A lot of people ask me how Madagascar is, so instead of doing a normal “devotion” blog, I thought it would be fun to share a few fun facts and stories with you. Hopefully you will find it semi-interesting! 😉
– I mentioned in a FB status how I got distracted by a cow during a service at a Malagasy church. There obviously isn’t air condition, so the doors stay open. Hearing the cow chew his grass was too much of a distraction for this city girl! But seeing cows in the street is totally normal here. We have had to stop the car and let the cows cross. The other day, a car in front of us got hit by a cow who crossed the road.
-Speaking of this, there are tons of chickens who cross the road. Don’t ask me why! 😉 But what is neat is that everyone in the area knows whose chicken it belongs to and stealing another person’s chicken is definitely frowned upon. I have heard stories of people getting killed because they stole someone’s chicken(s).
– A white person is called a “Vaza” and it is used quite frequently especially when walking down the street. I hear it almost on a daily basis, mainly by some guy trying to get my attention or a Malagasy coworker greeting me.
– Being white, Malagasies assume I am French. My lack of French and my accent probably give it away pretty quickly that I am definitely not! I really wish I would have taken the language in high school!
– Cramming 30+ people into a “bus” (van) is totally normal. Getting up close and personal is a daily thing for people needing transportation I take it twice a week and it cost 300-400 ariary for each ride. This is about 10-13 cents in USD.

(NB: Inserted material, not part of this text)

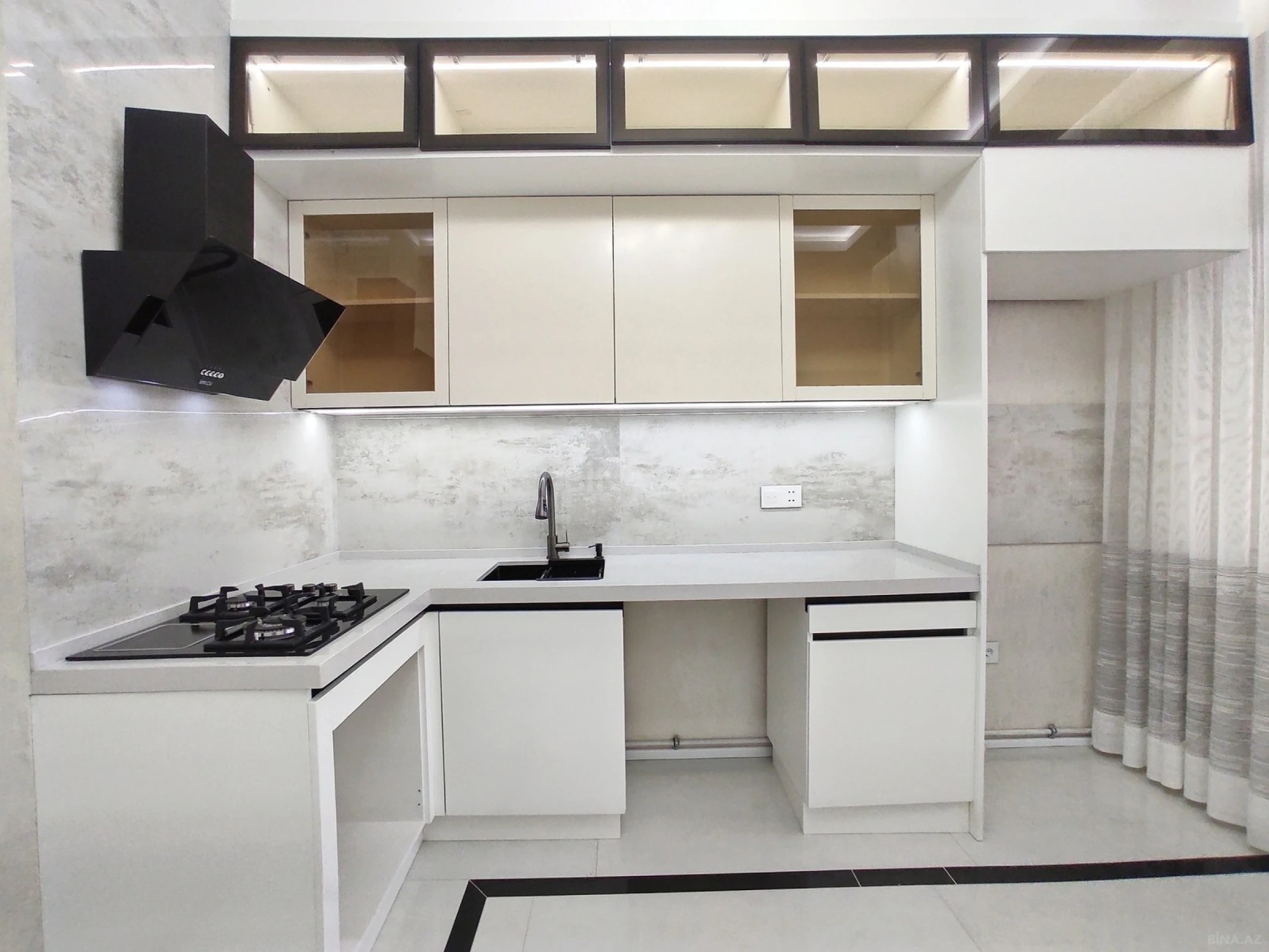Satılır 3 otaqlı mənzil 87 m²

– It’s also very much a “walking” culture. I’ve actually grown to like the fact that I can walk from school to the grocery store or wherever without it being unsafe. People are everywhere!
– Rice, rice, and more rice! Malagasies eat rice for every meal. If they don’t have it, they don’t feel like they have eaten properly!

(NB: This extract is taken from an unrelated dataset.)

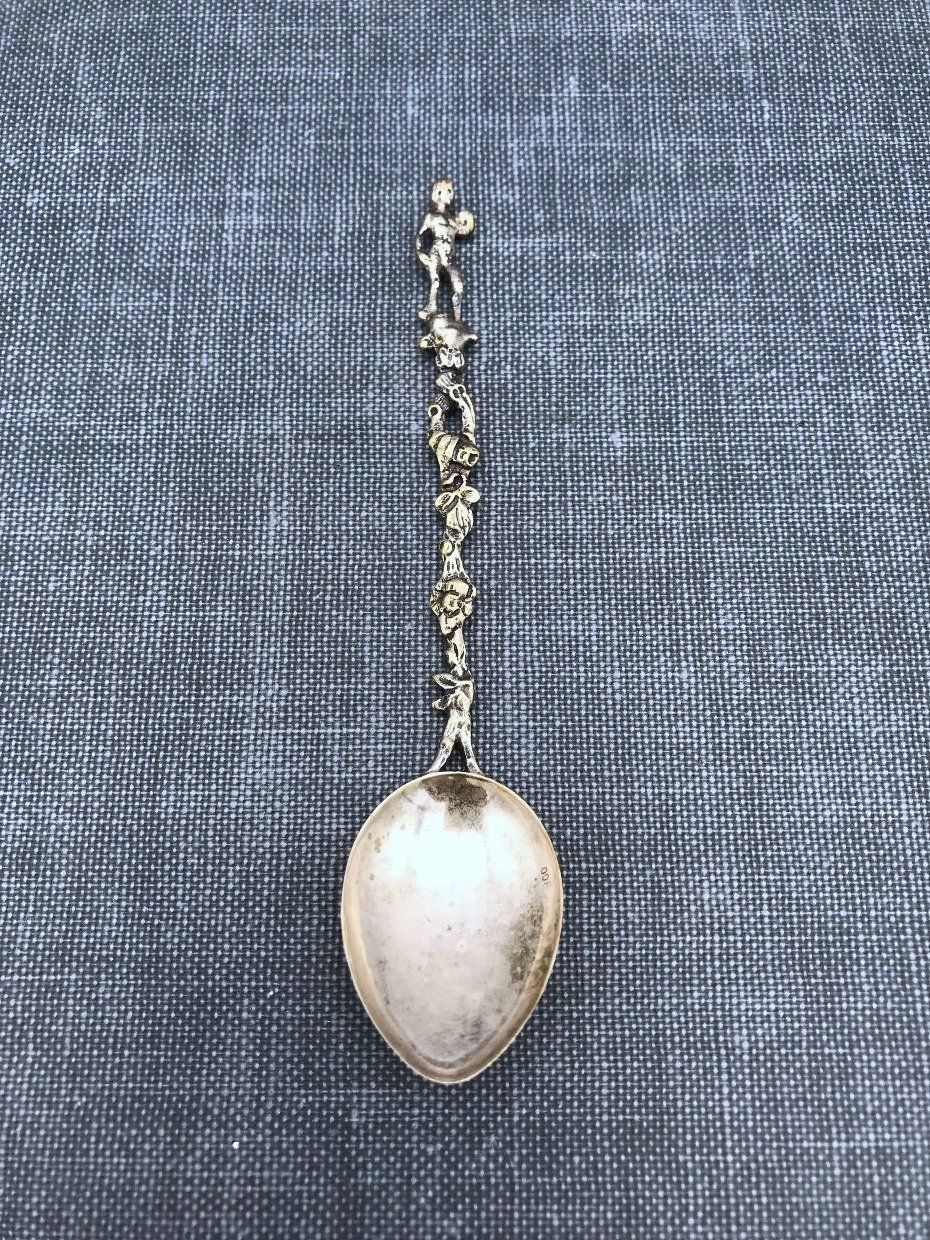 Antique .800 Sterling Silver Figural Repousse Demitasse Spoon 3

– The flooding here in Madagascar has devastated many people. It’s common to drive into town and see tents lined up on the side of the road because people’s homes are too flooded to live in. In order to get to their homes, they have to go by boat. It’s hard to imagine, but it’s reality for so many people.
– I will never complain about traffic in the States ever again. Potholes make driving somewhere a long, drawn out process! It has taken us 2 1/2 hours to get to our church during the week. On a Sunday, when less people are out, it takes about 40 min. It’s pretty crazy how 40 minutes begins to feel like a short drive! But with driving here, I have decided that the rule is, if there is even a small gap, take it. And if there’s not, make one. lol. The same thing applies to parking spaces. Just find a place!
Even with the craziness of traffic, being away from my family, and not having a Casa Ole… it’s all worth it. I look at this place and talk with these people, and I see such beauty. I have so much fun getting to know them and seeing their hearts. They are such givers and their worship is nothing short of amazing. I love seeing them walk down the streets on Sunday morning with their best clothes on, ready to give their best to God. It’s a place where people are so open and ready to receive the gospel.
Thanks so much for your prayers and support!